## Exercise brief
Please repeat each line below exactly, with no images in the copy.

## Provided data
========

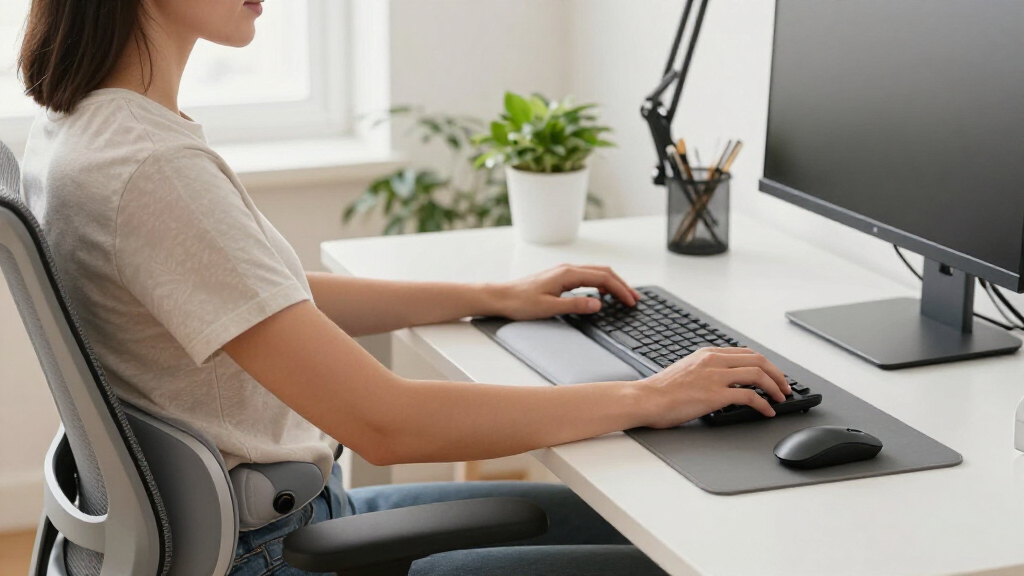 9 Best Ergonomic Study Desk Accessories in 2026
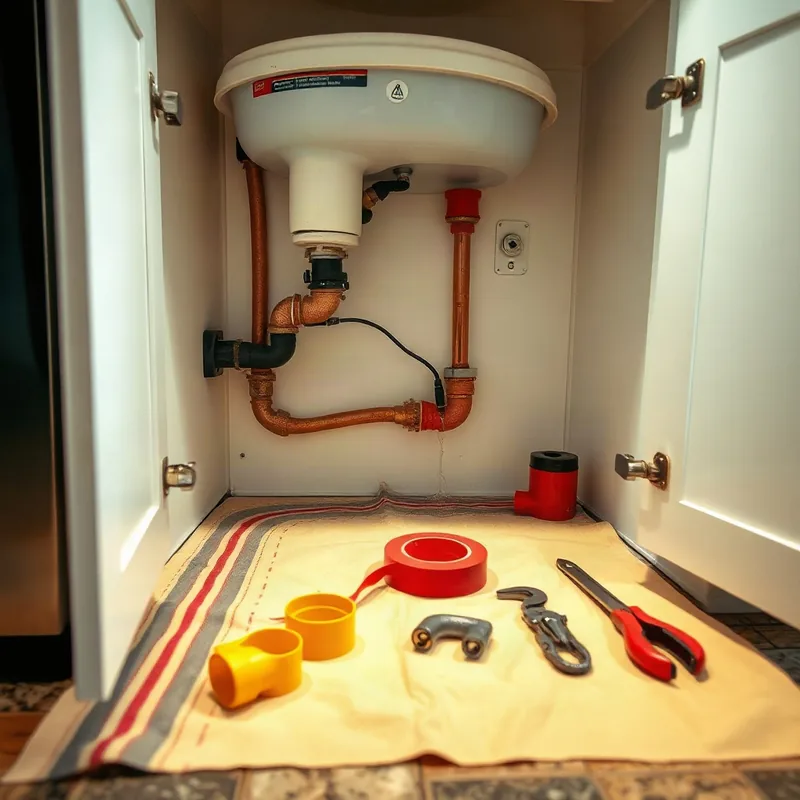 Stop Hidden Leaks Destroying Homes - Licensed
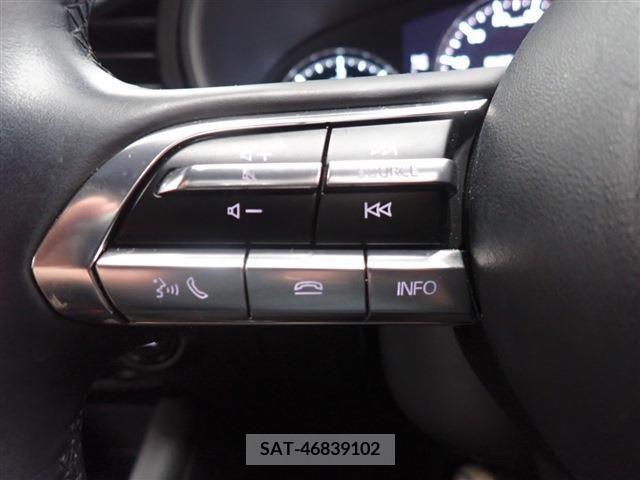 Mazda MAZDA3 2021-03 392019-16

========

## Solved exercise
 9 Best Ergonomic Study Desk Accessories in 2026
 Stop Hidden Leaks Destroying Homes - Licensed
 Mazda MAZDA3 2021-03 392019-16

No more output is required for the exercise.